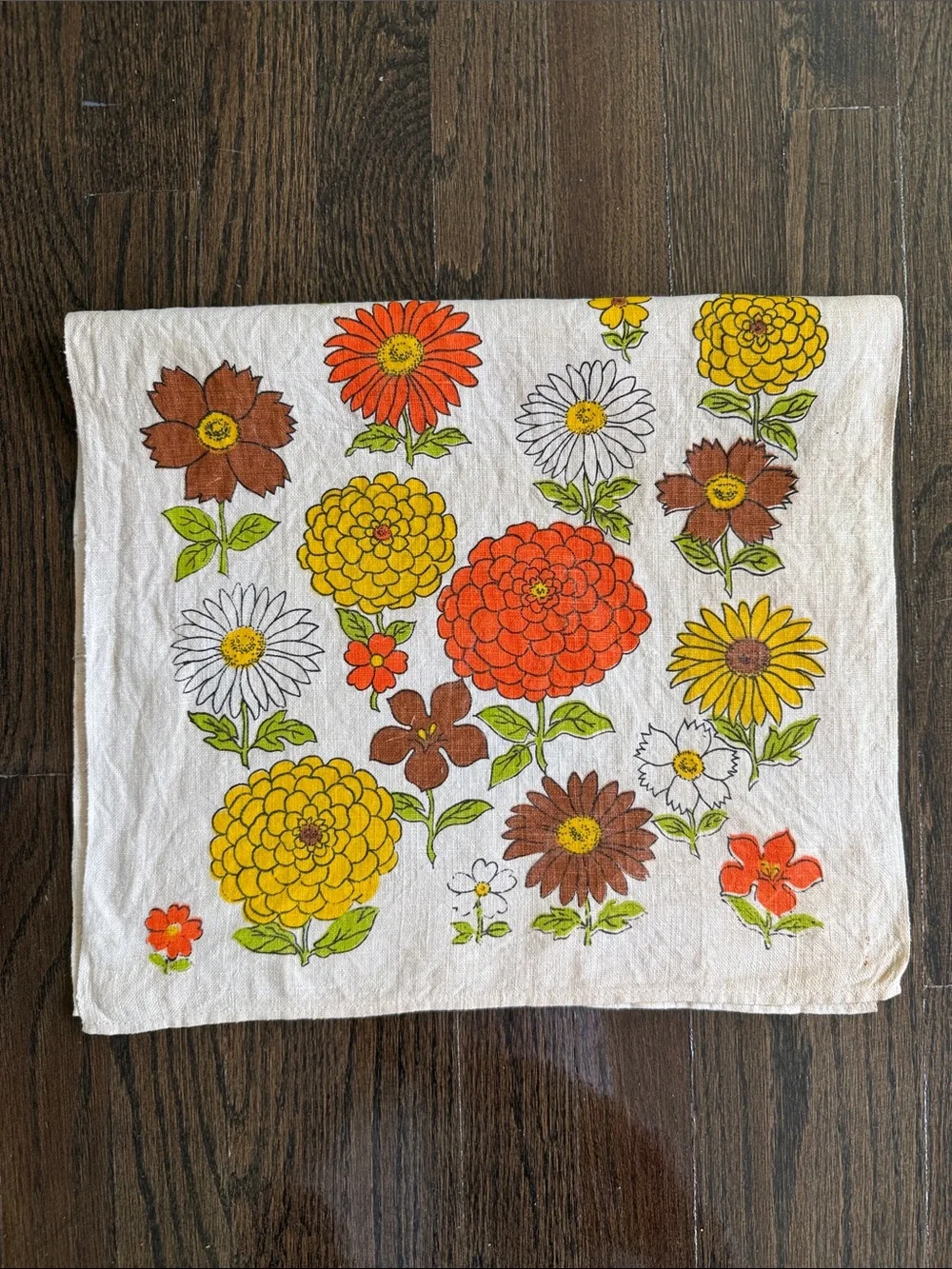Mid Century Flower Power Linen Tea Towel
==
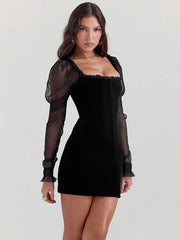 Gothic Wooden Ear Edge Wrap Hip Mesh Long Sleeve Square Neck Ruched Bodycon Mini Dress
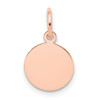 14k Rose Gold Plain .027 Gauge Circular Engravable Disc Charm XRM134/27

» WHAT YOU ARE ASKED TO DO
From the line holding "Gothic Wooden Ear" to the line holding "14k Rose Gold", both included, retype the entries above exactly and drop the pictures.

» SOLUTION BELOW
 Gothic Wooden Ear Edge Wrap Hip Mesh Long Sleeve Square Neck Ruched Bodycon Mini Dress
 14k Rose Gold Plain .027 Gauge Circular Engravable Disc Charm XRM134/27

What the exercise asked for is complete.